Page 44 of Captive Souls

Me. I was one of his needs.

I felt somewhat powerful that this seemingly controlled man was beginning to unravel out of want for me. Or perhaps that was a story I was telling myself.

“You have too much sympathy for assholes,” he said matter-of-factly. Coldly. “They don’t deserve it.”

I tilted my head to regard him. “Or maybe they need it most of all.”

He didn’t reply. I didn’t expect him to.

“What prompted you to work for Stone?” I repeated my question, a daring thing to do as I felt myself dancing with his cruelty, bracing for the verbal snap of it. I waited for a threat, a reminder of my place in the world as his helpless captive.

I watched him consume a mouthful of food. He was polite in how he ate, had good table manners. Chewed with a closed mouth, the column of his throat moving pleasingly as he swallowed. My gaze dipped down to his chest, following the movement.

“I went to work for Stone because I wanted to.” At the sound of his words, my eyes snapped up to his. Dark, endless. “He didn’t trick me, blackmail me or control me into my role. Nor am I a mindless goon following orders out of fear. I’ll work for him for as long as this role aligns with my needs.”

“What are your needs?” I asked without thinking. An innate instinct in me wanted to know them so I could meet them. I wanted to take care of this man. Save him. No reason for this existed beyond the inescapable thread tightening between us. He was giving me proverbial crumbs to prove it existed, yet I was feasting on them.

His gaze never let go of mine. “Death,” he said simply. “I need to kill people, Piper, in order to survive. There is no justifying my acts. And despite what your armchair analysis says, I am my acts. I kill because I am a killer. There is nothing deeper than that.”

He was trying to scare me.

And it was working.

But I’d known he was a killer for a long time. It was impossible not to know that after just gazing upon the man. Something instinctual told you what he was.

Yes, hearing him say it out loud was unnerving, but not as much as it should’ve been.

He’d said it in large part because he believed it.

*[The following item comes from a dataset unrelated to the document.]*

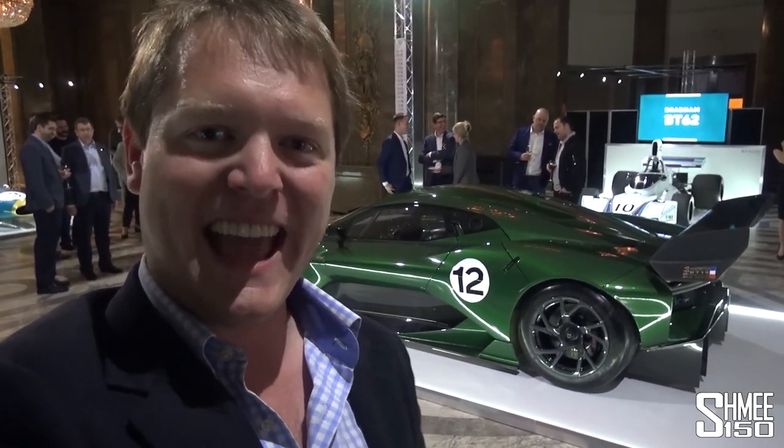There we have it — a first look at the Brabham BT62. A big congratulations to David Brabham and his entire team for their success to bring the car to the world and present it right here. I hope you've enjoyed this video. Hopefully in future we'll be able to see a little bit more with this car and see what it's like out and about and being driven in anger — after all, that is exactly what it's built for. Thank you very much as always for watching guys, I appreciate your support an awful lot. Be sure to be subscribed and ring the bell below to get instant notifications of future uploads. That is it though for this time, thanks again and I'll see you very soon. Cheers!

He was sure of what he was. There was conviction in his tone, grim resignation etched into every one of his features. But he also wanted to push me backward, back into our defined roles of captor and captive.

Instead, I pressed on.

“I think there is a lot more depth to you than just that,” I countered, my voice quiet, almost a whisper.

I held my breath, waiting for him to breathe fire. But he leaned forward imperceptivity. In our dynamic, the simple change in his posture was as mighty as a mountain moving.

“Why?” he asked, his low tone mirroring mine.

When I chewed my lip, his gaze followed the motion, hunger clouding his vision, pupils dilating slightly.

“I don’t know,” I shrugged. “Because I can see it.”

The air between us changed. I swore it did. I could feel our roles warping, transforming. I was no longer his captor, a job, some abstract person that he was to break then deliver to his boss for a lifetime of torture.

I was a person to him. And maybe … I was something more. Of that I was certain.

He grasped my wrist.

The speed in which his hand moved was almost unnatural. I hadn’t been prepared for it. The conversation had been intense, but he was guarded, keeping his distance.

The man from moments ago was gone.

“You think you can unnerve me with a pretty cunt, Piper?” Despite the obvious violence of his grip and the crass words, his tone remained measured. His thumb stroked my wrist, right above my thundering pulse point. “You think that’ll save you? Throwing yourself at me? It won’t. This is the only warning you get. The next time you flash that at me, I won’t be restrained. I’lltake you in all the ways you’re begging for, and you’ll be so far beyond saving you’ll regret it.”

When he let my hand go, it felt so heavy it clanked onto my plate with the clutter of my silverware.

He went back to eating as if he hadn’t just said all of those earth-shattering, threatening, despisable yet somehow intensely delicious things.

There wasn’t a tremble to a single one of his fingers. Whereas my entire hand fumbled as I tried to mimic him by going back to my meal to prove that he hadn’t unnerved me.